Autrefois à des époques fortes on procréait l'œuvre d'art pour plaire à l'être essentiel, au guerrier défenseur, qui rentrant las des combats voulait trouver au foyer une impression heureuse ;
— aujourd'hui l'art est infiniment répandu, il s'étale partout et tend à dominer. L'artiste, du comédien au peintre, est couvert d'honneur et d'argent, aucun homme ayant un peu de talent ne consentirait à travailler comme les Égyptiens ou comme les ouvriers des cathédrales. — On voit par exemple Mme Sarah Bernhardt, dont l'art est admirable, aimer mieux jouer du Sardou que du Shakespeare, du Racine ou du Hugo, parce que le fabricant habile et médiocre qu'est M. Sardou lui fait, sans souci d'ensemble ou d'harmonie, un rôle dans lequel, constamment en scène, elle croit mieux faire voir ses dons de comédienne ; — on voit aussi M. Antoine, qui intéressa autrefois le public avec des œuvres d'Ibsen, de Curel ou Maeterlinck, aujourd'hui pour avoir réclame et argent en être réduit à faire jouer à son excellente troupe du Richepin ou pire encore.

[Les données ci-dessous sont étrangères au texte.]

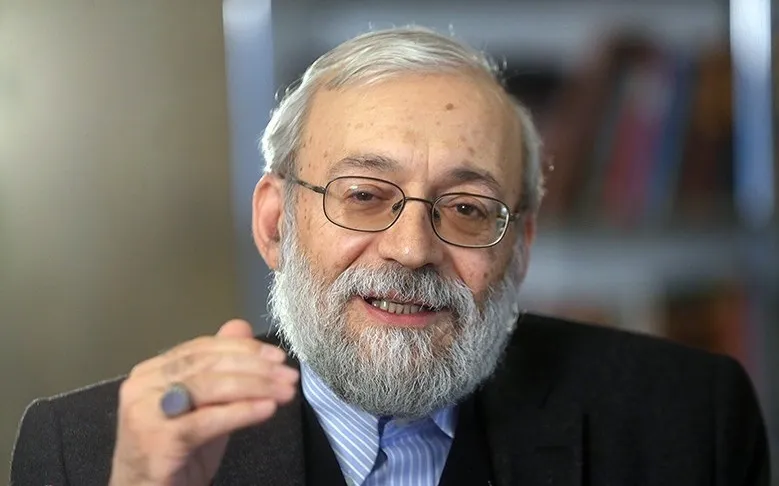 محمدجواد لاریجانی: در نیویورک اگر خانمی در خیابان راه برود و قسمت بالاتنه‌اش را لخت کرده باشد، پلیس جلویش را می‌گیرد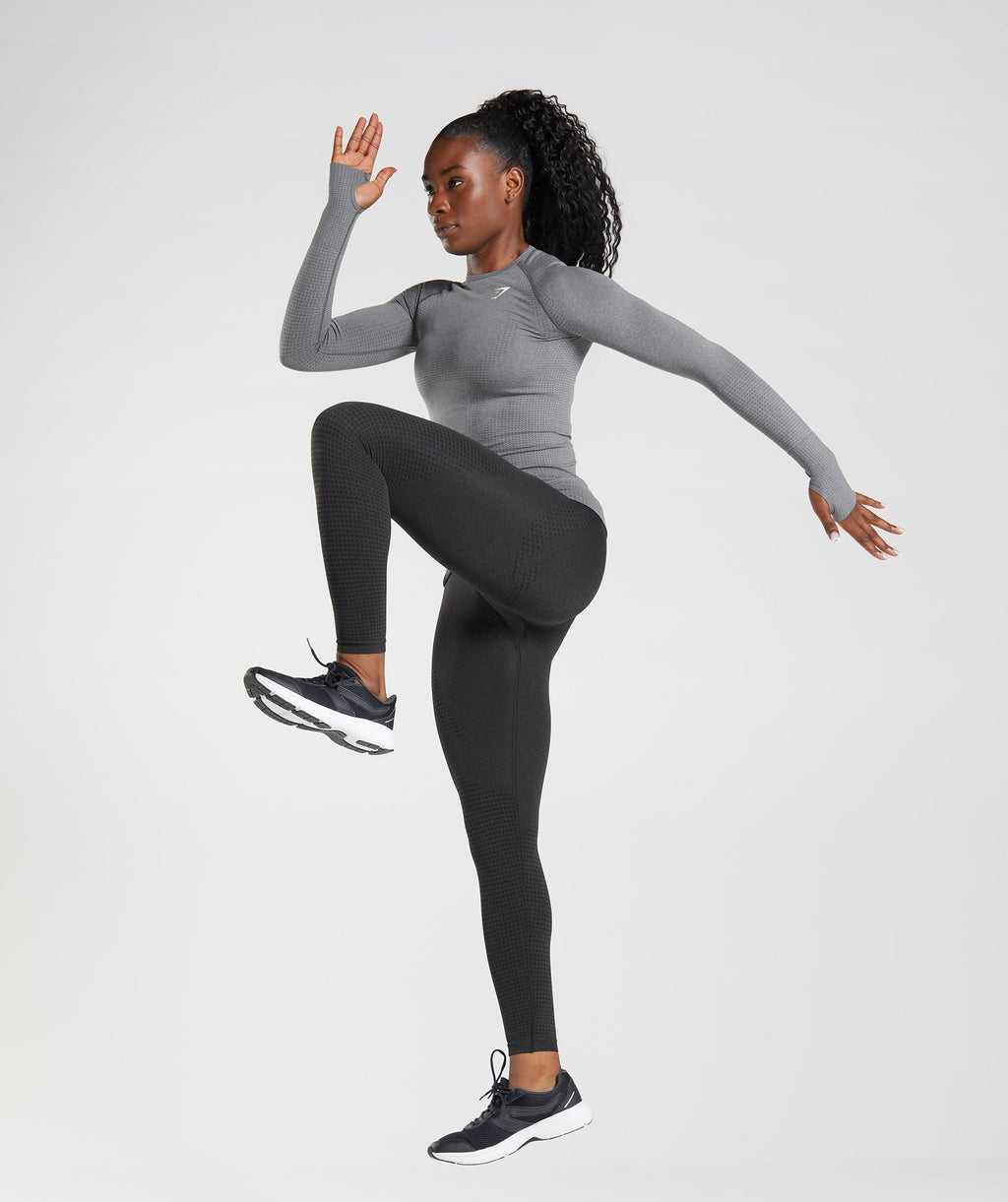 gymshark-vital-seamless-long-sleeve-top-smokey-grey-marl-logo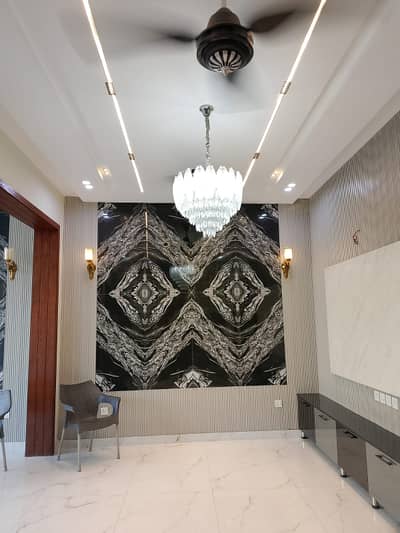 10 Marla Non Furnished Upper portion For Rent In Bahria Town Lahore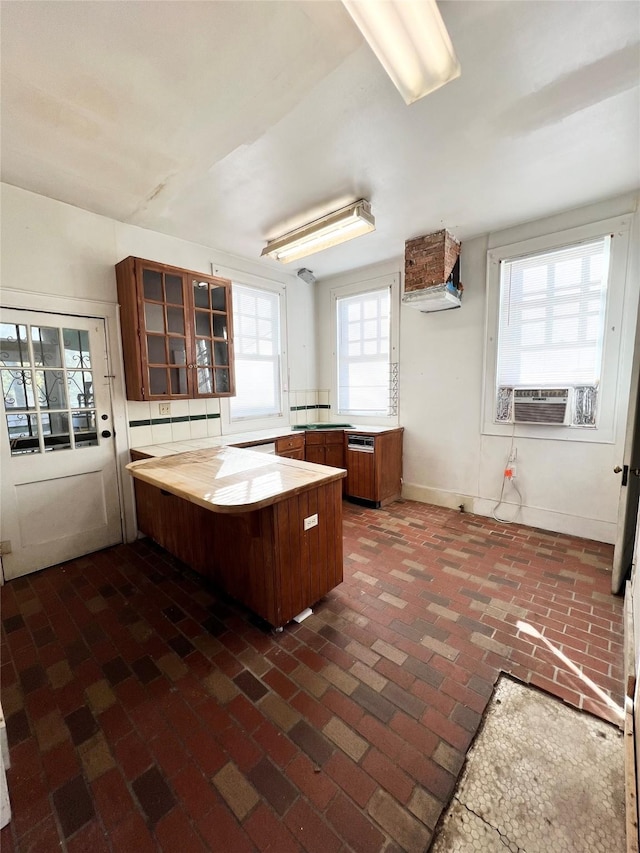 kitchen featuring a breakfast bar area, kitchen peninsula, and cooling unit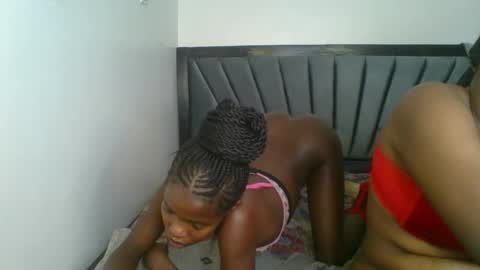 kinky_aria online show from 11-30-25, 08:57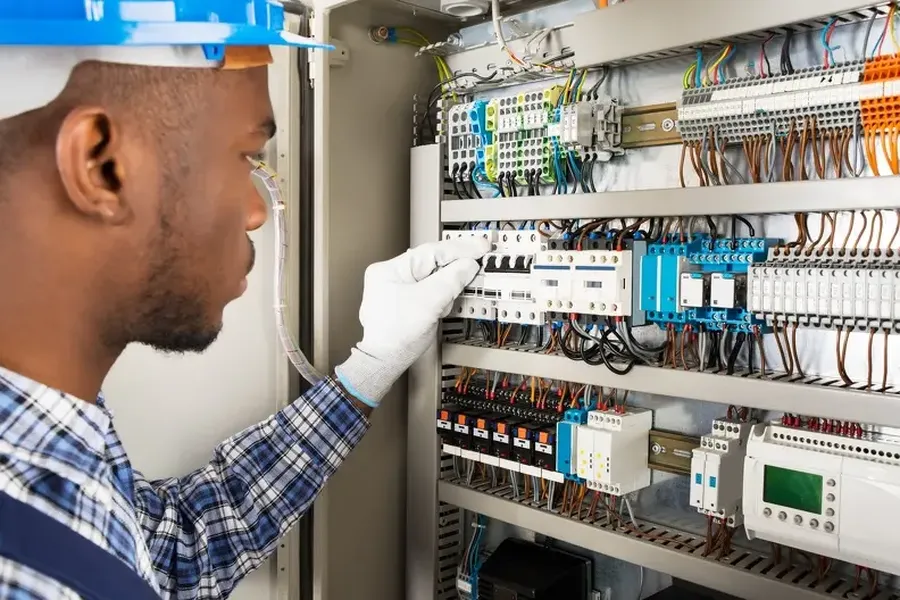 When To Call An Electrician For Electrical Repairs in Duarte, CA When To Call An Electrician For Electrical Repairs in Duarte, CA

Mais le véritable artiste qui a des dons et qui peut répandre de tels accents, n'a pas le droit de se développer dans son art comme le menuisier ou le ferblantier; il peut s'exercer, mais il doit savoir et ne pas oublier qu'il n'a pas un métier, mais un art.

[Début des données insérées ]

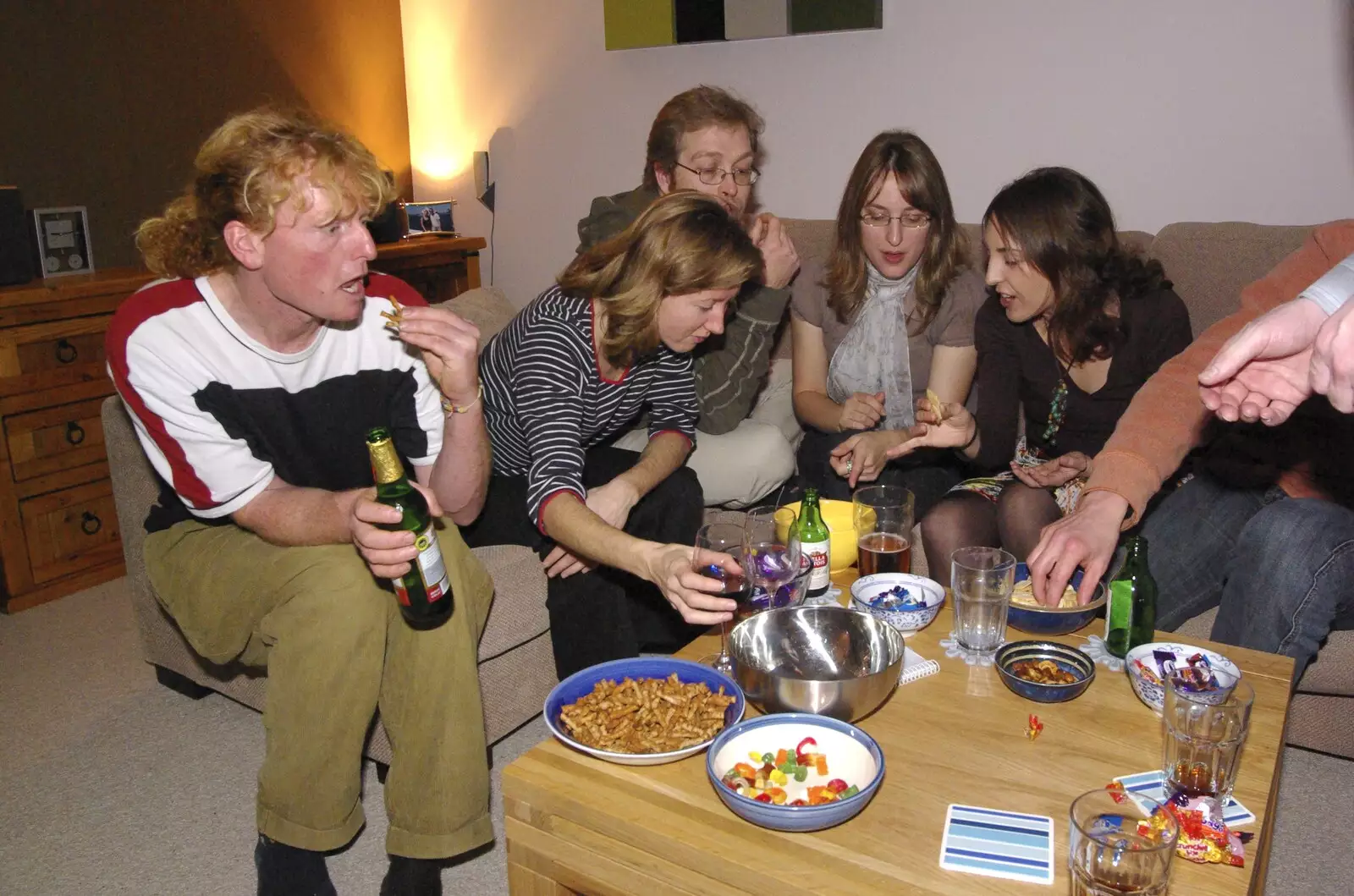 Nibbles all round, from Jen's Party and The Swan Inn's 24th, Brome, Suffolk - 10th November 2007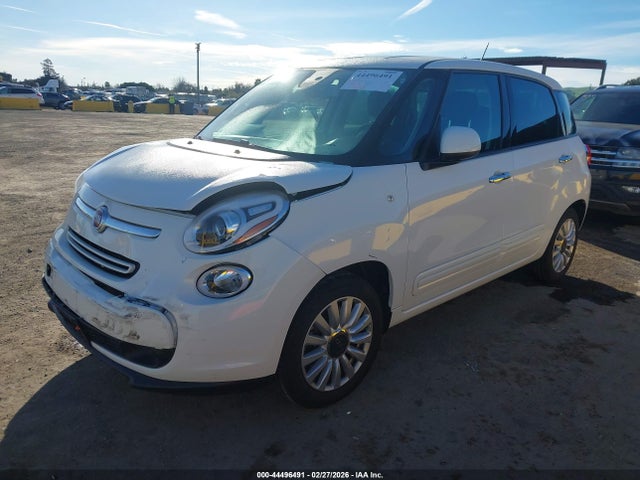 2017 FIAT 500L ZFBCFAAH0HZ039574 Photo 1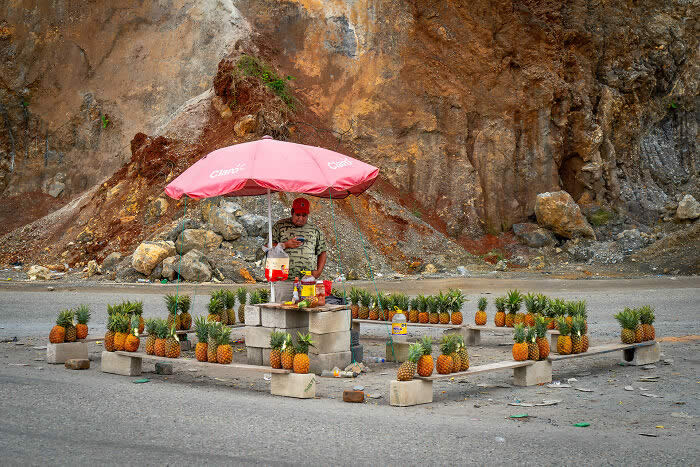Unearthed® Food For Sale: Ananas On The Road By Valentina Bollea - 2026 Food Photography Awards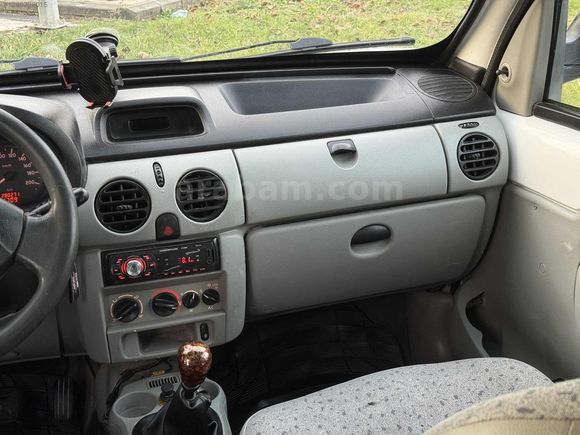 RENAULT KANGO 1.5 DCİ KLİMALI ÇİFT SÜRGÜ ORJİNAL EMSALSİZ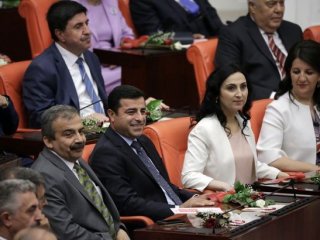 Tutuklanan HDP'li vekiller maaş alacak mı?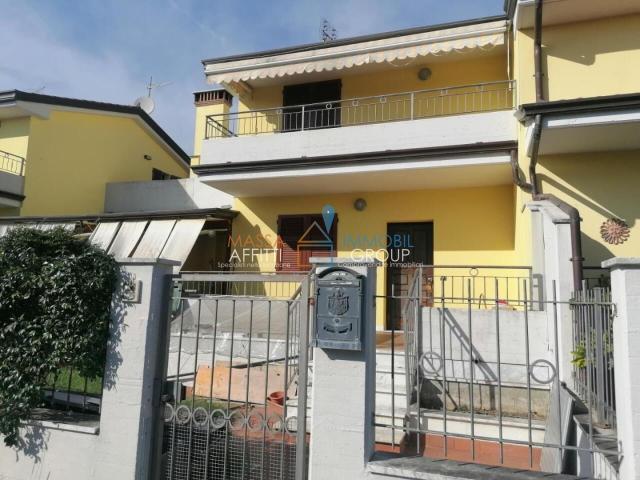 Via Cavaiola 42 7 vani 180mq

Vinci était ingénieur; il peignait, écrivait ou jouait de son luth, lorsque quelque chose l'y poussait, « lorsqu'il avait besoin de dire quelque chose à quelqu'un ».
Boileau, qui pourtant ne fut guère plus que le Sarcey de son temps, a cependant entièrement raison de dire qu'on naît artiste, mais qu'on ne le devient pas; nous avons vu des artistes-nés devenir médiocres sous l'éloge, mais jamais un homme dénué de sens poétique n'arrivera à nous faire vibrer d'émotion.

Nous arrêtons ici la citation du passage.